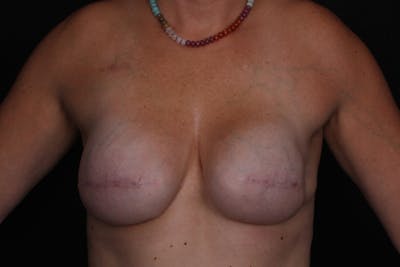 Breast Reconstruction Revision Before & After Gallery - Patient 116715 - Image 1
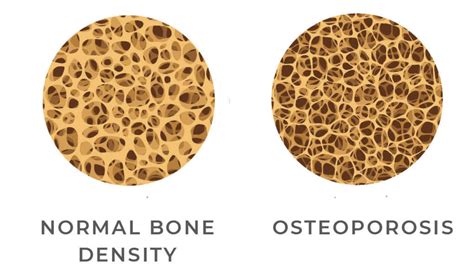 image showing normal bone density vs. osteoporosis - Imaging Center ...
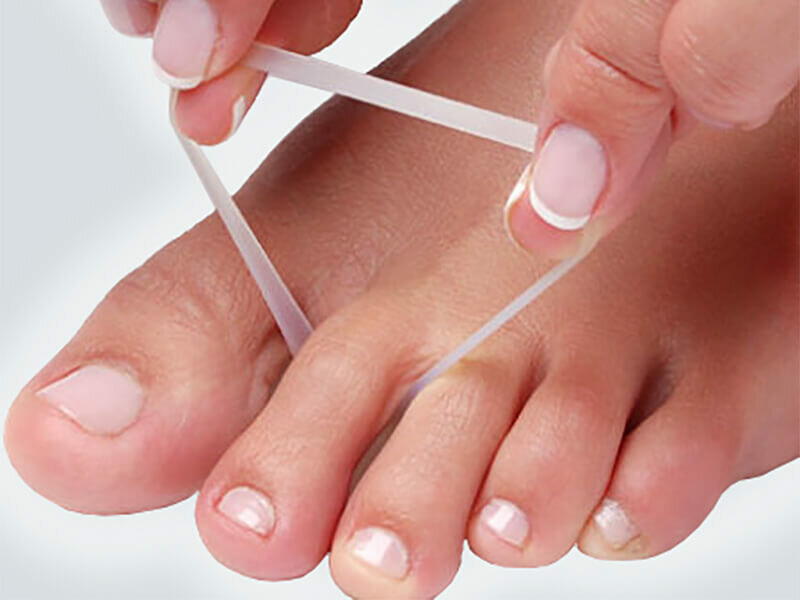 Hamerteenkussen linkervoet tweede teen flexibele lus van sterk gel materiaal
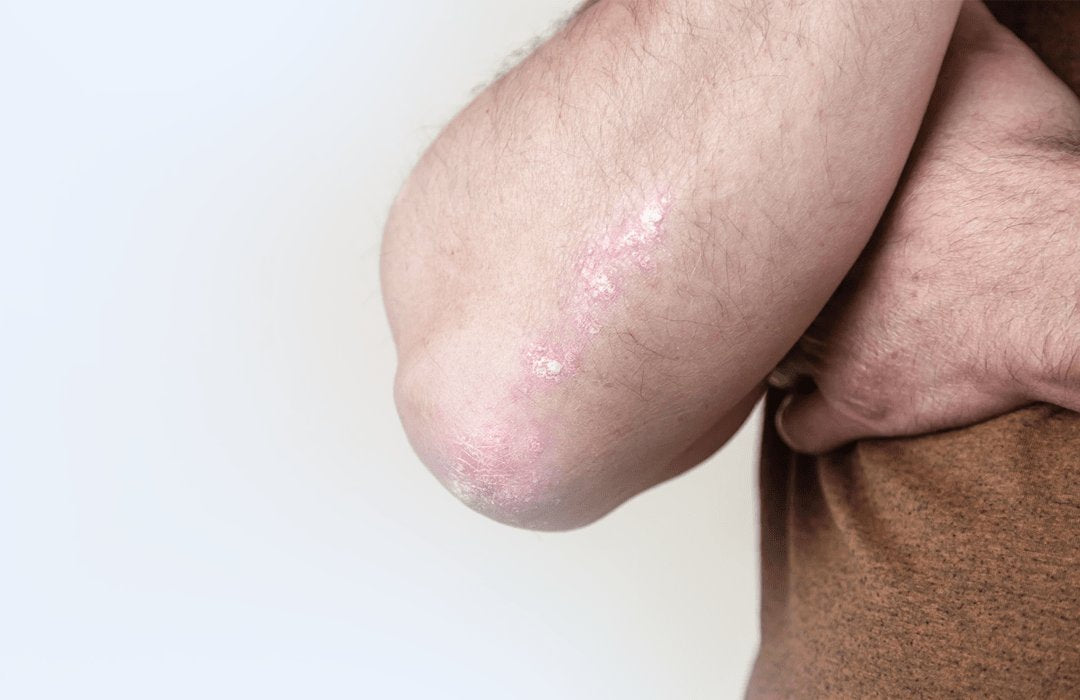 Eczema & Psoriasis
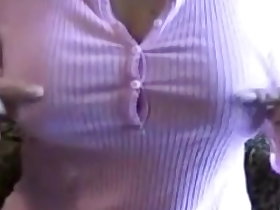ANE exhibiting nipples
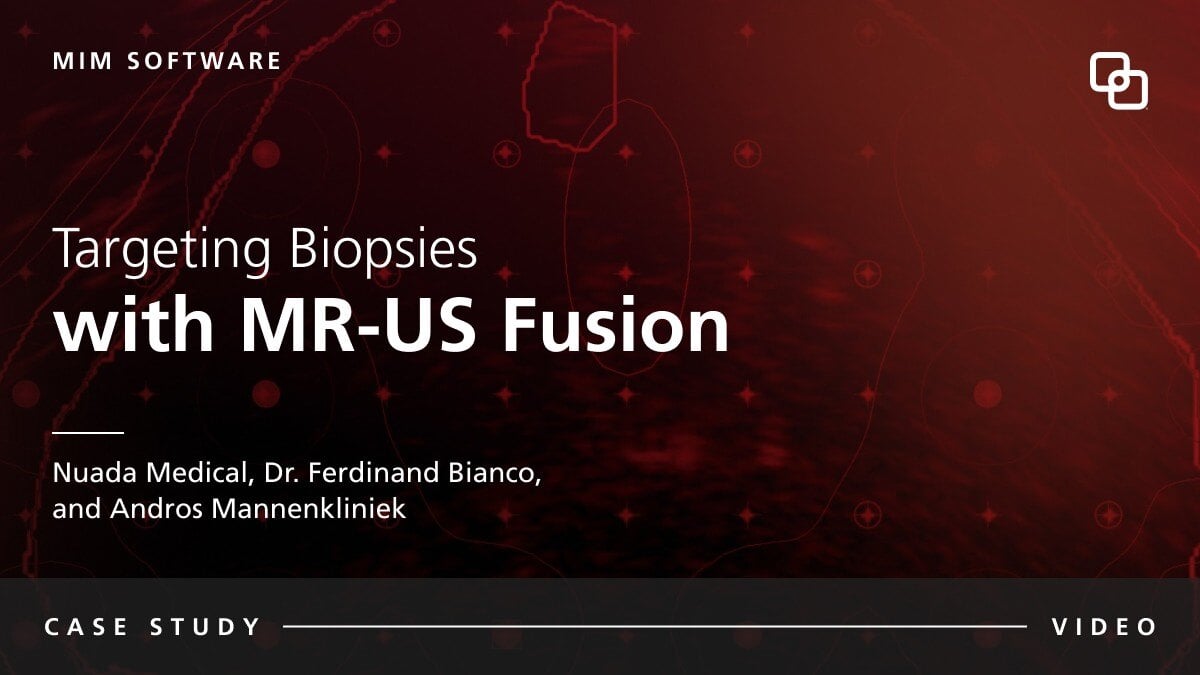 MIM Software Targeting Biopsies  with MR-US Fusion Nuada Medical, Dr. Ferdinand Bianco, and Andros Mannenkliniek CASE STUDY VIDEO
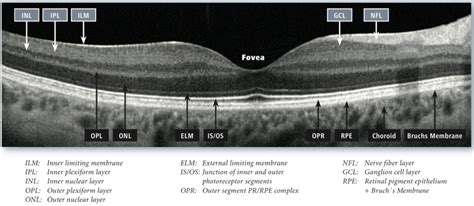 How to read OCTs: 8 fundamental diseases - EyeGuru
□ □ □
All of the listing should be transcribed exactly, but none of its images.

 Breast Reconstruction Revision Before & After Gallery - Patient 116715 - Image 1
 image showing normal bone density vs. osteoporosis - Imaging Center ...
 Hamerteenkussen linkervoet tweede teen flexibele lus van sterk gel materiaal
 Eczema & Psoriasis
ANE exhibiting nipples
 MIM Software Targeting Biopsies  with MR-US Fusion Nuada Medical, Dr. Ferdinand Bianco, and Andros Mannenkliniek CASE STUDY VIDEO
 How to read OCTs: 8 fundamental diseases - EyeGuru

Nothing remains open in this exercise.